Many years ago there was a brief vogue among a few companies for psych testing potential employees. So I paid to have myself tested so I'd know what my potential employers "knew". Among other things, the tests informed me that I have an IQ that is 4.3 standard deviations above the mean.
This got me thinking. Which is more likely, that I'm smarter than 99.999% of the population, or that the test score was bogus? It should be obvious that it's far more likely that my test results were bogus!
Just because we can assign a single number to a person's intelligence the way we can to that person's height or weight doesn't mean that that number is as objective as height or weight is. What IQ tests purport to measure *cannot be observed directly*, and therefore cannot be measured directly. So we must not lose sight of the fact that IQ tests are *devised* by psychologists to correlate with something. How do they do this? By comparing a test's scores against something easy to measure -- rank in school for example. An IQ test that correlates poorly to performance in school would be considered "faulty", but one that correlates strongly to performancve in school would be considered "accurate".
In other words, IQ tests are only as meaningful as the outcomes they're deisgned to correlate with. An IQ test correlated to school success doesn't necessarily correlate precisely with "street smarts", many components of which are evolutionarily important (e.g. reading facial expressions).
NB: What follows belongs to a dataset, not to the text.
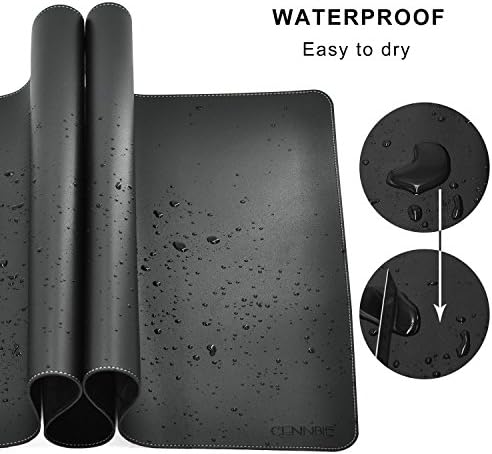 CENNBIE Leather Desk Mat Protector, 39.3" x 19.6" Large Mouse Pad(Black) - Image 6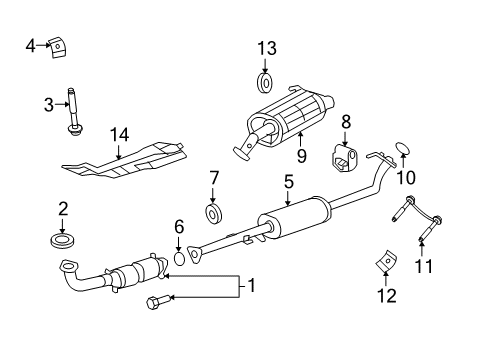 2010 Honda CR-V Exhaust Components Muffler, Exhuast Diagram for 18307-SWA-A11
Another thing to consider about how the test are calibrated is that the result is bound to be reliable ONLY near the mean, simply because confirmatory data out on the tails of the distribution is necessarily rare. So while I'd lend considerable credence to the 20 point spread between a 90 IQ and aa 110 IQ, I wouldn't lend the same credence to a difference between 140 and 160. I'd lend no credence whatsoever to the difference between a 140 and 160 IQ.
Basically, I consider distinctions betwen IQs over 125 unreliable, and distinctions between IQs over 135 as absolutely meaningless. There's no epistemological justfication for ranking people's intellectual abilities by IQ at that level. It's entirely possible that John Sunnunu would score 2.6 standard deviations higher than Stephen Hawking, but that's an artifact of the test, not reality.